How I Built a Visual Regression Testing System in a Weekend
Last weekend I got tired of shipping CSS changes that broke things I couldn't see in unit tests.
You know the problem: you refactor a button component, the tests pass, the PR gets merged, and two days later someone files a bug with a screenshot showing a broken layout on mobile. The logic was fine. The tests were fine. The pixels were wrong.
So I built a visual regression system. It took about a day and a half. Here's exactly what I did.
The Problem With the Standard Approach
The usual advice is: use Playwright or Puppeteer with toMatchSnapshot(). I've done this. The issues:
- Flakiness. Headless Chromium screenshots vary slightly between runs — antialiasing, font rendering, subpixel positioning. You end up with a 2-5px tolerance that masks real regressions.
- Infrastructure overhead. Getting Chromium to run reliably in CI is a project of its own. Different results on Mac vs Linux vs the CI container.

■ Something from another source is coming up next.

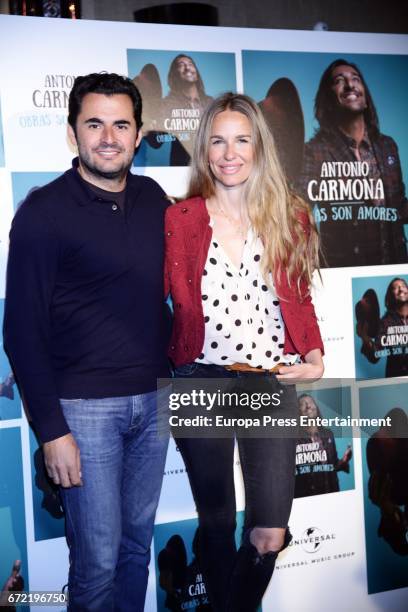 Emiliano Suarez and Carola Baleztena attend the presentation of Antonio Carmona's album 'Obras son amores' on April 21, 2017 in Madrid, Spain.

- Slow feedback. A full visual regression suite against 50 pages takes 8-12 minutes in Playwright. That's a long time to wait for a failing check.
I wanted something simpler: call an API, get an image, diff it. No browser to configure. No Chromium binaries to install. Just HTTP.
The Architecture
Three components:
- Baseline capture: screenshot every page in the sitemap, store as reference images
- Comparison capture: on each PR/deploy, screenshot the same pages on a preview URL
- Diff detection: compare images pixel-by-pixel, fail if diff exceeds threshold
PR opened
→ Deploy preview URL (Vercel/Netlify handles this)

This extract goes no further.